■ Task prompt: Nothing outside the lines below from the one containing "Handmade Crochet Bunny" through the one containing "VINTAGE Womens Graphic" is to be printed; print those exactly, ends included, and drop the pictures.

■ Listed records:
□ □ □ □ □
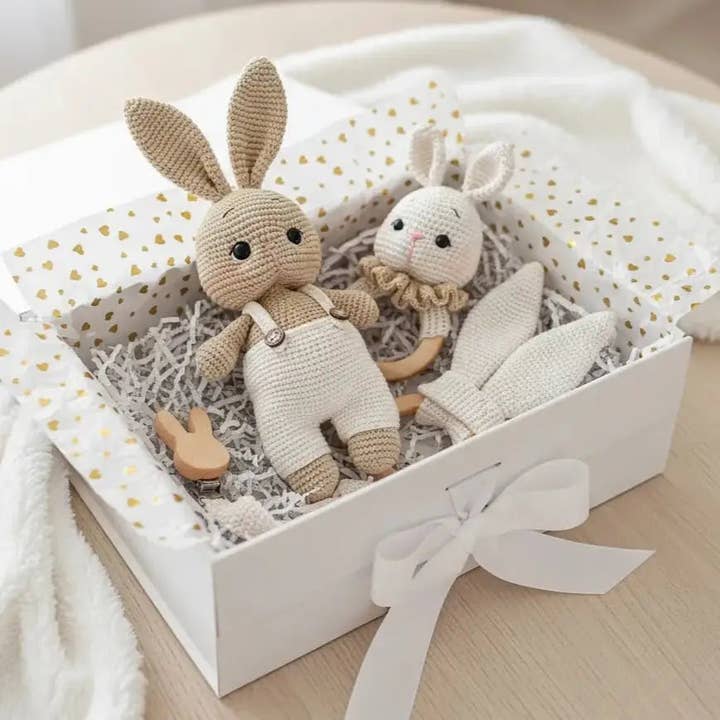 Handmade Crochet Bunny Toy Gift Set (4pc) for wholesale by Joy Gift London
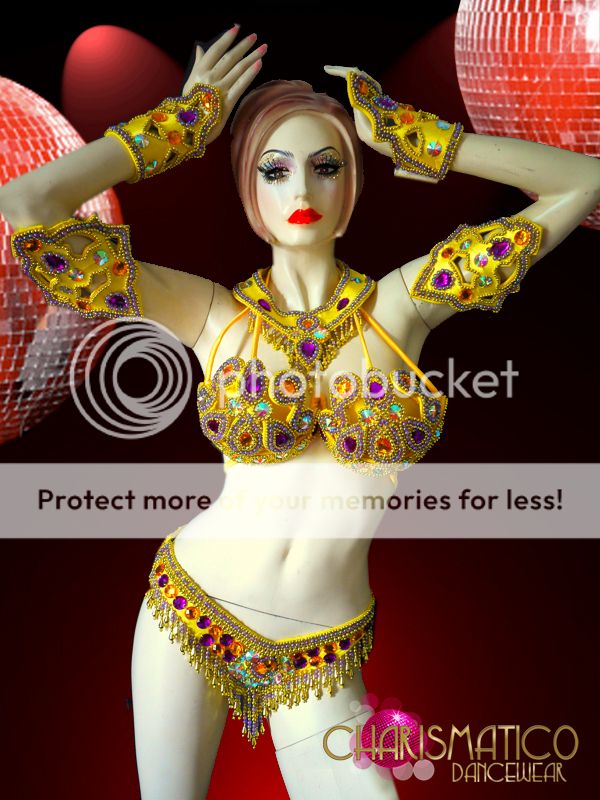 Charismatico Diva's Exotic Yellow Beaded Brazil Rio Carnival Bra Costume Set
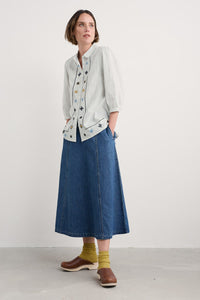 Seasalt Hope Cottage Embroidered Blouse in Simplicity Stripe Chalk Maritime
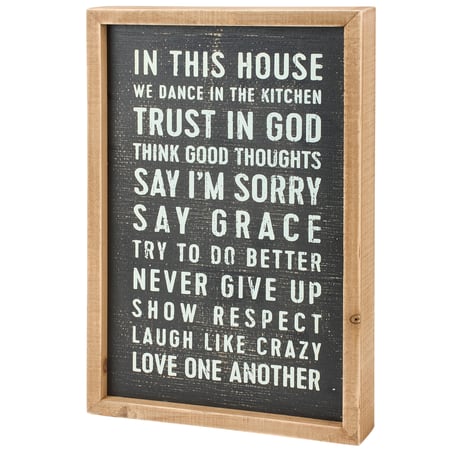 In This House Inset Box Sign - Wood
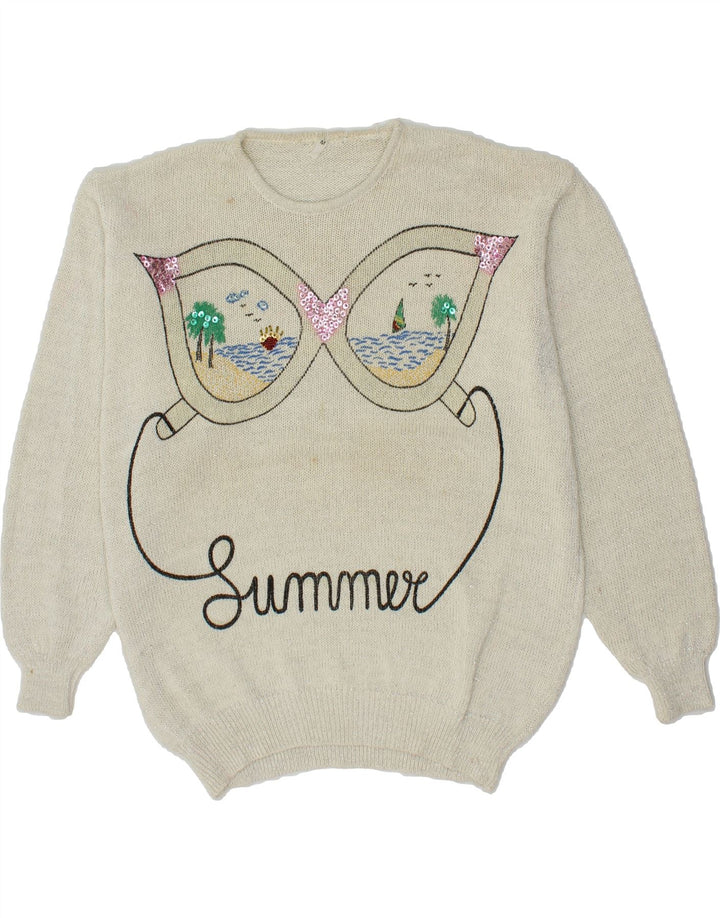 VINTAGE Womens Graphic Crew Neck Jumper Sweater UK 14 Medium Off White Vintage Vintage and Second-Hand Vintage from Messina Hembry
□ □ □ □ □
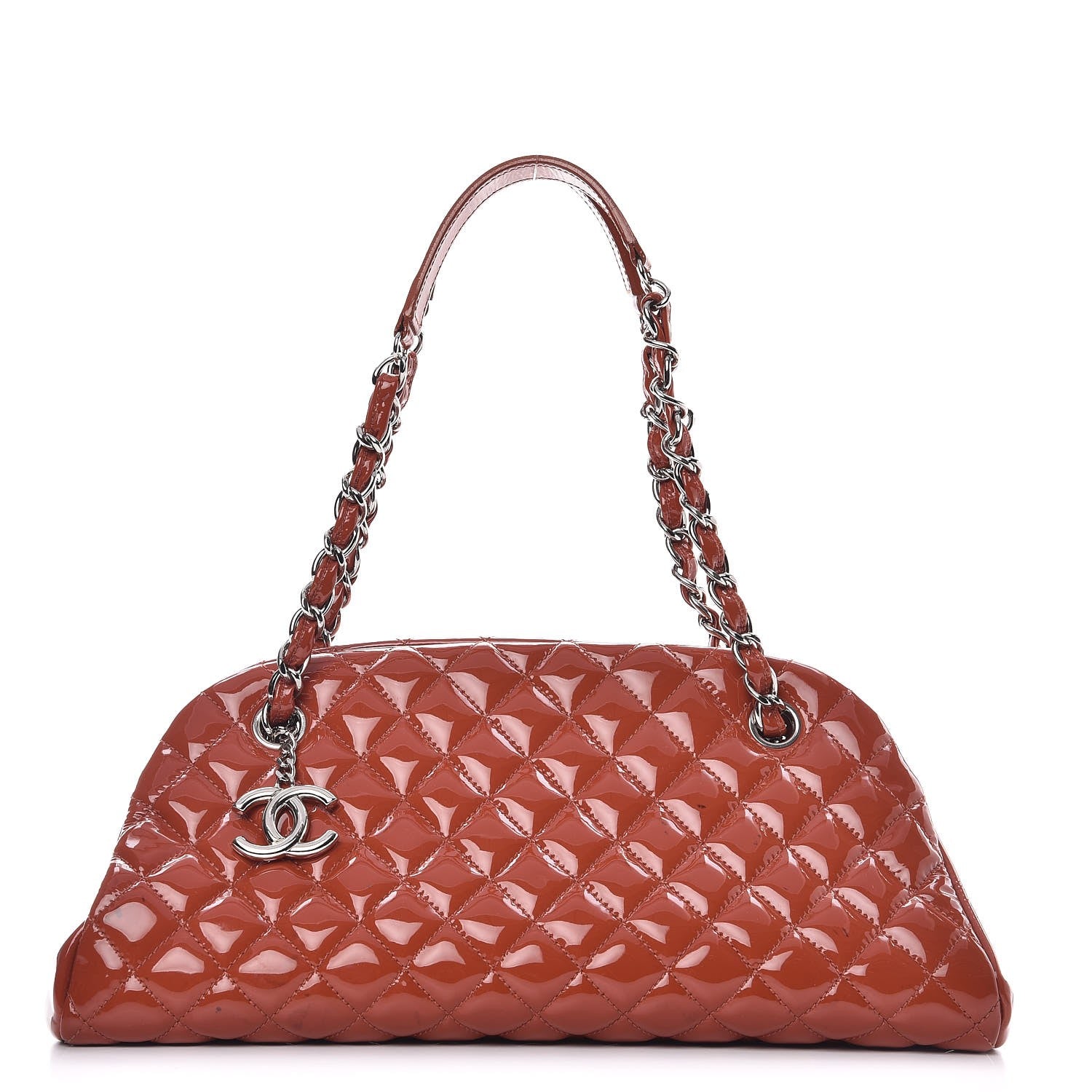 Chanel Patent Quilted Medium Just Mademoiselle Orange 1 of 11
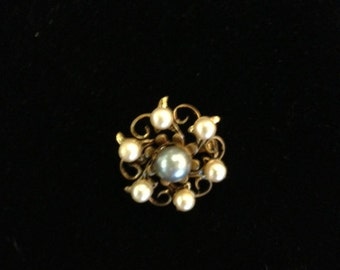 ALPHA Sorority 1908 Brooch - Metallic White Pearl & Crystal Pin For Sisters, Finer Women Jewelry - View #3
□ □ □ □ □
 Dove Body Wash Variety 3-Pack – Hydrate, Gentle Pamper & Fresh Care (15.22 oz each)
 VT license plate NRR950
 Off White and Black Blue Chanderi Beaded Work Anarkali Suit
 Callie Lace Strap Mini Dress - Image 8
□ □ □ □ □
■ Expected answer:
 Handmade Crochet Bunny Toy Gift Set (4pc) for wholesale by Joy Gift London
 Charismatico Diva's Exotic Yellow Beaded Brazil Rio Carnival Bra Costume Set
 Seasalt Hope Cottage Embroidered Blouse in Simplicity Stripe Chalk Maritime
 In This House Inset Box Sign - Wood
 VINTAGE Womens Graphic Crew Neck Jumper Sweater UK 14 Medium Off White Vintage Vintage and Second-Hand Vintage from Messina Hembry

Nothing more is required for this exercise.